In vitro activity: Solifenacin (formerly known as YM905) is a novel and potent muscarinic receptor antagonist with pKis of 7.6, 6.9 and 8.0 for M1, M2 and M3 receptors, respectively. Solifenacin increased bladder capacity and voided volume at doses of 0.03 mg/kg i.v. or more. Tolterodine increased bladder capacity and voided volume at 0.03 and 0.1 mg/kg i.v., while propiverine increased bladder capacity and voided volume at 1 mg/kg i.v. and at 0.3 and 1 mg/kg i.v., respectively. In contrast, none of the three drugs affected residual volume or micturition pressure. These results suggest that solifenacin may improve detrusor overactivity without causing urinary retention and may be a promising drug in the treatment of patients with overactive bladder syndrome.
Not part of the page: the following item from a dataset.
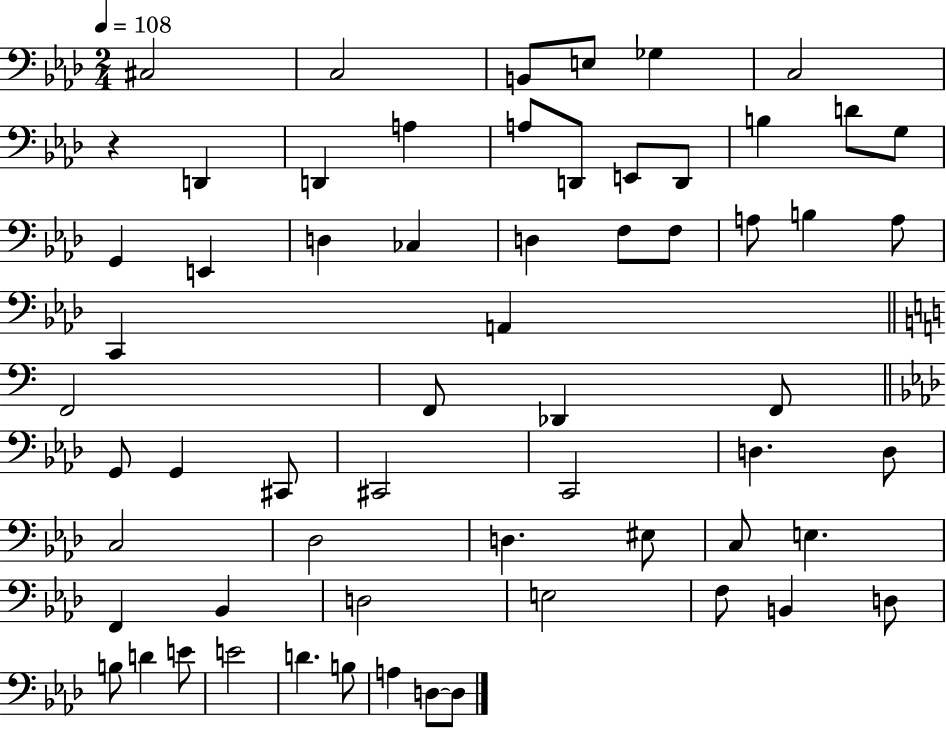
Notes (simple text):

C#3/h C3/h B2/e E3/e Gb3/q C3/h R/q D2/q D2/q A3/q A3/e D2/e E2/e D2/e B3/q D4/e G3/e G2/q E2/q D3/q CES3/q D3/q F3/e F3/e A3/e B3/q A3/e C2/q A2/q F2/h F2/e Db2/q F2/e G2/e G2/q C#2/e C#2/h C2/h D3/q. D3/e C3/h Db3/h D3/q. EIS3/e C3/e E3/q. F2/q Bb2/q D3/h E3/h F3/e B2/q D3/e B3/e D4/q E4/e E4/h D4/q. B3/e A3/q D3/e D3/e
Kinase Assay: Solifenacin is a novel muscarinic receptor antagonist with pKis of 7.6±0.056, 6.9±0.034 and 8.0±0.021 for M1, M2 and M3 receptors, respectively.

Cell Assay: In murine submandibular gland cells, the antagonistic effects of 100 nM Solifenacin and oxybutynin on Ca2+ mobilization evoked by varying doses of carbachol (CCh) are examined. Solifenacin does not shift the CCh dose-activation curve in a parallel manner whereas oxybutynin shows insurmountable antagonism. The pKb values are obtained as 7.4±0.17 for Solifenacin and 8.8±0.21 for oxybutynin. Cytosolic Ca2+ mobilization is determined in guinea pig detrusor cells. Briefly, single detrusor cells are prepared from epithelium-free bladders, loaded with Fura 2, and suspended in phenol red-free Hanks’ balanced salt solution supplemented with 20 mM HEPES (pH=7.4) and 0.1% bovine serum albumin (HBSS-H/B). A 490 μL aliquot of the cell suspension is continuously stirred, kept at 28°C and monitored for the ratio of fluorescence at 500 nm with excitation at 340 nm to that at 380 nm. To each aliquot, 5 μL of test drug (including Solifenacin) and stimulant solutions are serially added with a 2 min interval, and the peak increase over the level just before stimulation is used for data analysis.